**Excerpted records**
• • • • • • •

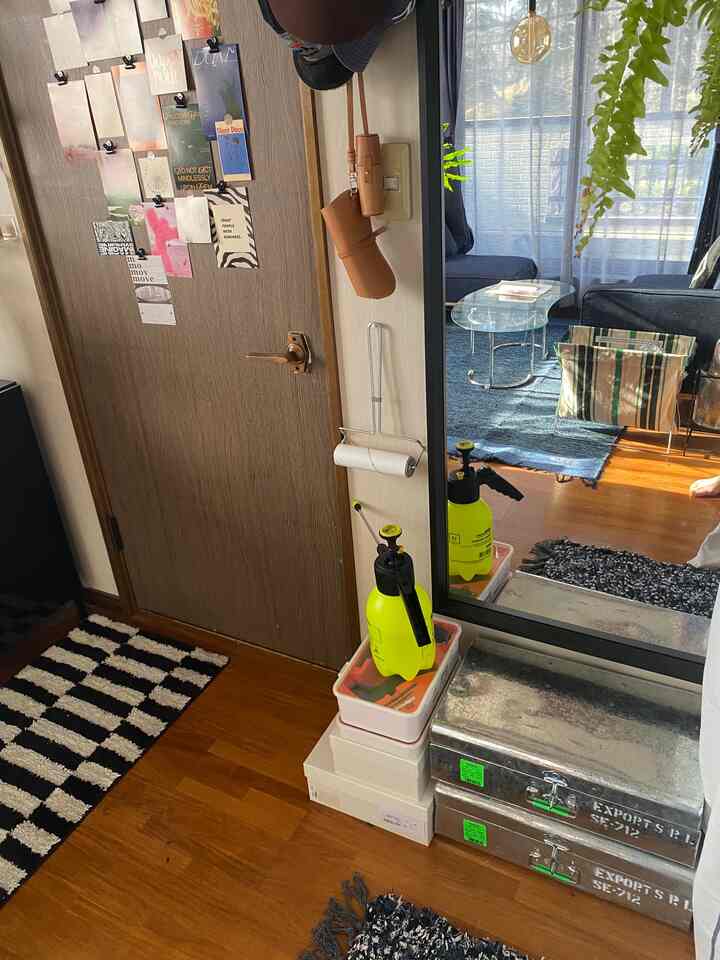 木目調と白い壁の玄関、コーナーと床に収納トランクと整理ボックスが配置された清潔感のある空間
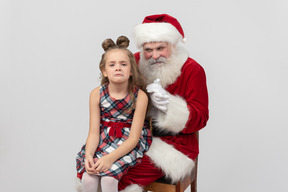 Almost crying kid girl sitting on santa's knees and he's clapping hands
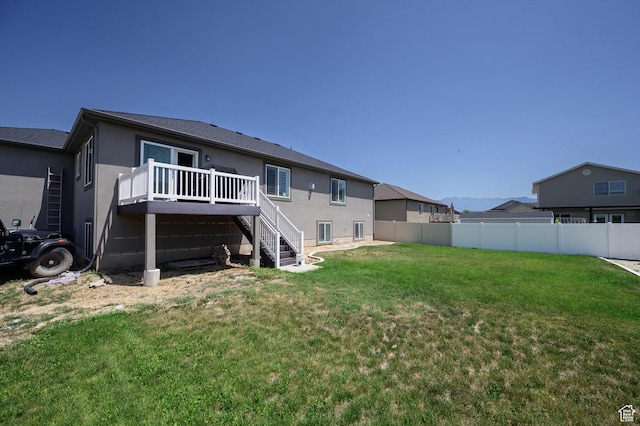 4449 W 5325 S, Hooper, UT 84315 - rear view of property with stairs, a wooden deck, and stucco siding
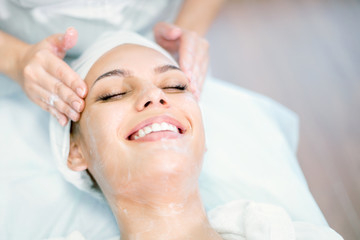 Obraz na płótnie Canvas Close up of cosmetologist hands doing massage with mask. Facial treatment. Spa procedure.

• • • • • • •

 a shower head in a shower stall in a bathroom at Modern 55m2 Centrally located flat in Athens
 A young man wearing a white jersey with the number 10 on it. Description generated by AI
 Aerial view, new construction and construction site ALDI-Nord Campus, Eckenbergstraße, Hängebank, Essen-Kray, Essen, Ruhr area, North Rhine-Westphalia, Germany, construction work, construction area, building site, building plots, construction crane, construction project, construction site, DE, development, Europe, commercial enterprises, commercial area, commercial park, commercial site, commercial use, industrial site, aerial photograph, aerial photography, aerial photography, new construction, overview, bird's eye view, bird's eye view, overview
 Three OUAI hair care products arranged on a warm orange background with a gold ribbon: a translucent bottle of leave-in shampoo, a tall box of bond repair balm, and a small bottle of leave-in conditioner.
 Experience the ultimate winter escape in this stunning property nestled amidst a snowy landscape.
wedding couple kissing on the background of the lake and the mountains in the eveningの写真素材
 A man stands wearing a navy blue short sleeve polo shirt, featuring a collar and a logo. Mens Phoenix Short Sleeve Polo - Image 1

• • • • • • •

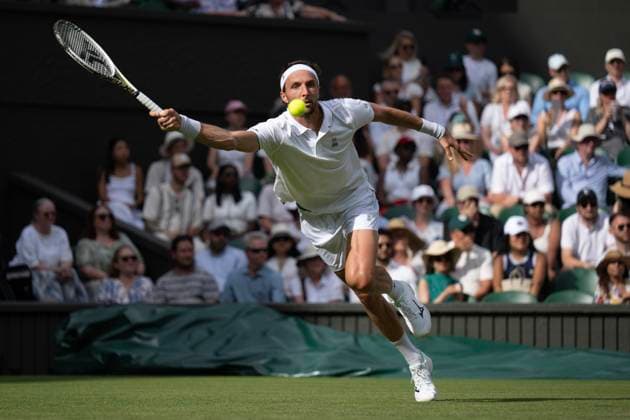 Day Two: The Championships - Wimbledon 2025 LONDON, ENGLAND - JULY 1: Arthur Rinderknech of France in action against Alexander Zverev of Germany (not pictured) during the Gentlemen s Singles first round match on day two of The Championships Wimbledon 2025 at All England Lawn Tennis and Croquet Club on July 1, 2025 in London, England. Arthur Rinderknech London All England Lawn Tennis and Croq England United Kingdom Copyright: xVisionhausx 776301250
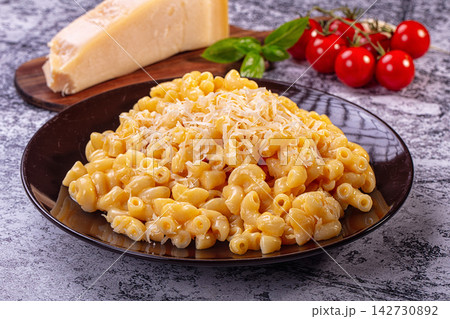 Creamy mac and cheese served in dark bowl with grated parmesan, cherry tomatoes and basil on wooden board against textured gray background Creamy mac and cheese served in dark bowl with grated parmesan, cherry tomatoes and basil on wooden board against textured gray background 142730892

• • • • • • •

**Try it**
Within the listing above, the lines starting at the one containing "4449 W 5325" and ending at the one containing "Obraz na płótnie" are to be returned exactly. Omit the pictures.

**Completed exercise**
 4449 W 5325 S, Hooper, UT 84315 - rear view of property with stairs, a wooden deck, and stucco siding
 Obraz na płótnie Canvas Close up of cosmetologist hands doing massage with mask. Facial treatment. Spa procedure.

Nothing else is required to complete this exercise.